Segment Start: AVAILABLE DATA
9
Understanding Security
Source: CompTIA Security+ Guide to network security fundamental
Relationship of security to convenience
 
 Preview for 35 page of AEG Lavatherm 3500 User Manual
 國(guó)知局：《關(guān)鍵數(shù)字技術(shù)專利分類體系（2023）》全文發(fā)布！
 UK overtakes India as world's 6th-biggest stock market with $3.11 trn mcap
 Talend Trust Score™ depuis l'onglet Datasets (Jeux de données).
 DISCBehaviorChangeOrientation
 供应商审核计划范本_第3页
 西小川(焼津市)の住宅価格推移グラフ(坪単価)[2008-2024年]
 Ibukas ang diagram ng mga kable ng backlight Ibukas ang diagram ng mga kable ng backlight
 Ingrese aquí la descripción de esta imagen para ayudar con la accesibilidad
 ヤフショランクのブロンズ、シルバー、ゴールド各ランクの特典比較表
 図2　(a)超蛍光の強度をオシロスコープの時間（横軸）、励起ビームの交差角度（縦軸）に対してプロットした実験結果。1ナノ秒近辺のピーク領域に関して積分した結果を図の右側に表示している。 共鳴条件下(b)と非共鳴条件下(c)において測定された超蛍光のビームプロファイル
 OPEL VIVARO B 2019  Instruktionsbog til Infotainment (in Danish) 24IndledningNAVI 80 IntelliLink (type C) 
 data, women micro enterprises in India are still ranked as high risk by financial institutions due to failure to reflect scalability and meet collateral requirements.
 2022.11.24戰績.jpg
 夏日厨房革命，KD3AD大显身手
Segment End: AVAILABLE DATA
§ **WORK ORDER**: Repeat only the lines starting at the one that contains "ヤフショランクのブロンズ、シルバー、ゴールド各ランクの特典比較表" and ending at the last line above, exactly as written.

§ **WRITTEN REPLY**:
 ヤフショランクのブロンズ、シルバー、ゴールド各ランクの特典比較表
 図2　(a)超蛍光の強度をオシロスコープの時間（横軸）、励起ビームの交差角度（縦軸）に対してプロットした実験結果。1ナノ秒近辺のピーク領域に関して積分した結果を図の右側に表示している。 共鳴条件下(b)と非共鳴条件下(c)において測定された超蛍光のビームプロファイル
 OPEL VIVARO B 2019  Instruktionsbog til Infotainment (in Danish) 24IndledningNAVI 80 IntelliLink (type C) 
 data, women micro enterprises in India are still ranked as high risk by financial institutions due to failure to reflect scalability and meet collateral requirements.
 2022.11.24戰績.jpg
 夏日厨房革命，KD3AD大显身手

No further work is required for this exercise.